--- Data ---

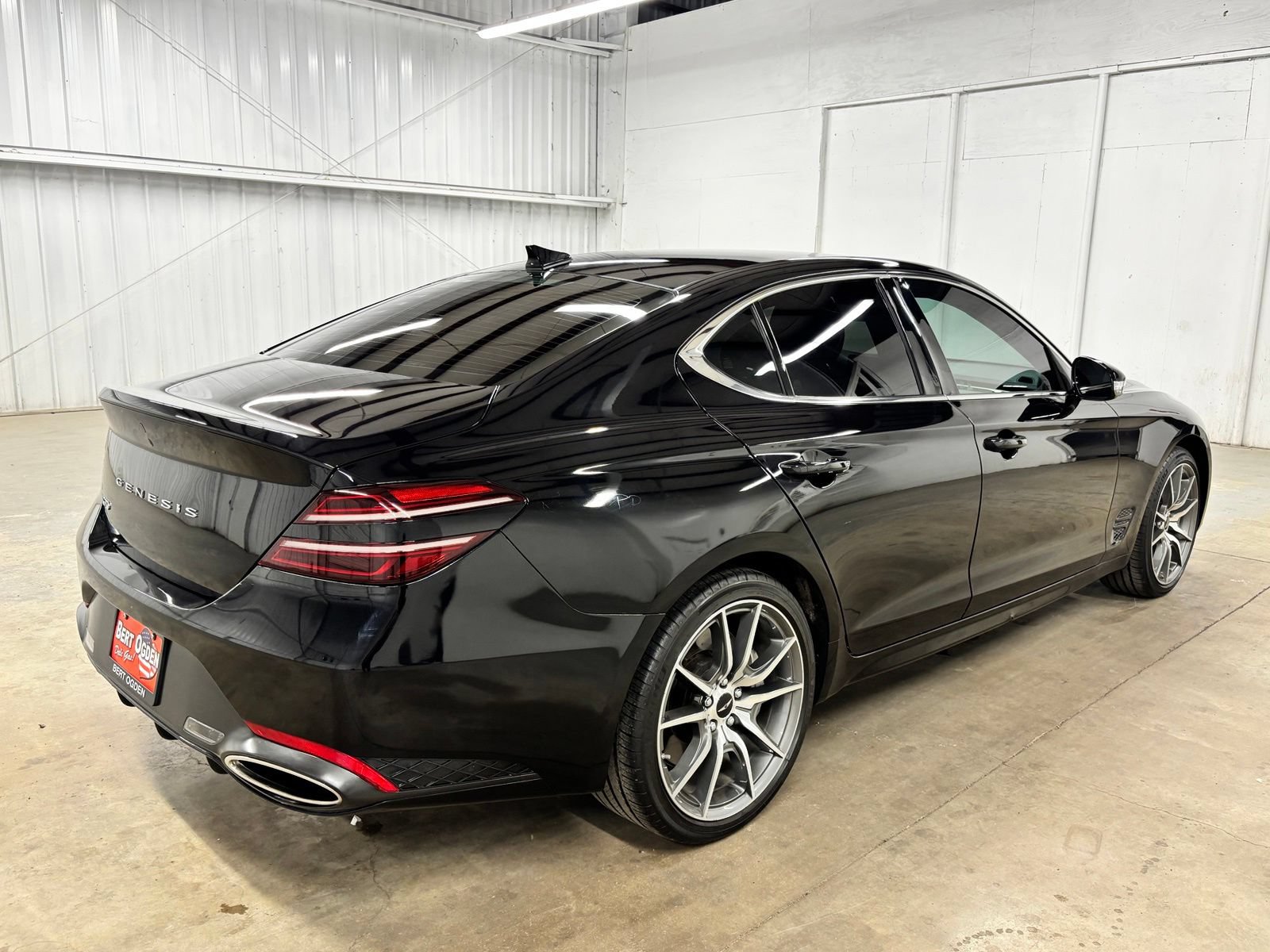 Used 2024 Genesis G70 2.5T RWD image 7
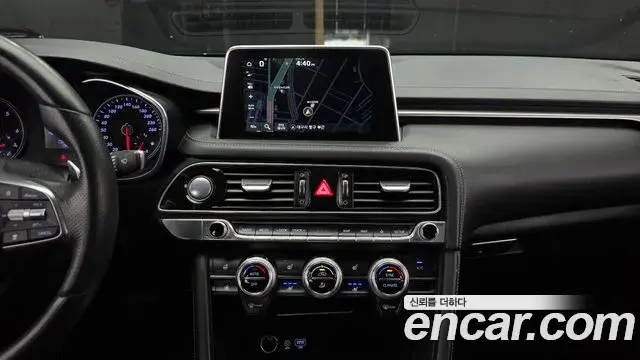 Genesis G70 2019 — Şəkil 12/20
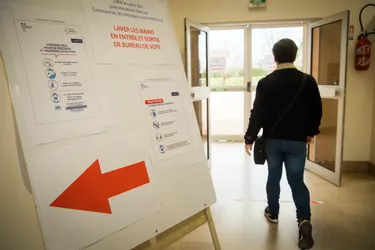 En images, les mesures pour lutter contre le coronavirus dans les bureaux de vote pour les municipales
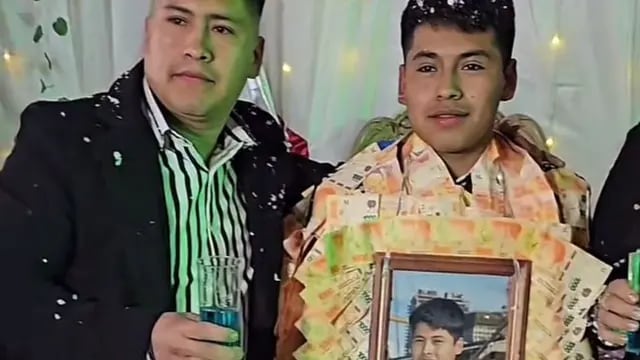 Lo vistieron con una toga de billetes de $1.000 por su cumpleaños de 18 y se volvió viral en TikTok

--- What is needed ---
Every line of the listing is to be retyped exactly; pictures stay out.

--- Result of this exercise ---
 Used 2024 Genesis G70 2.5T RWD image 7
 Genesis G70 2019 — Şəkil 12/20
 En images, les mesures pour lutter contre le coronavirus dans les bureaux de vote pour les municipales
 Lo vistieron con una toga de billetes de $1.000 por su cumpleaños de 18 y se volvió viral en TikTok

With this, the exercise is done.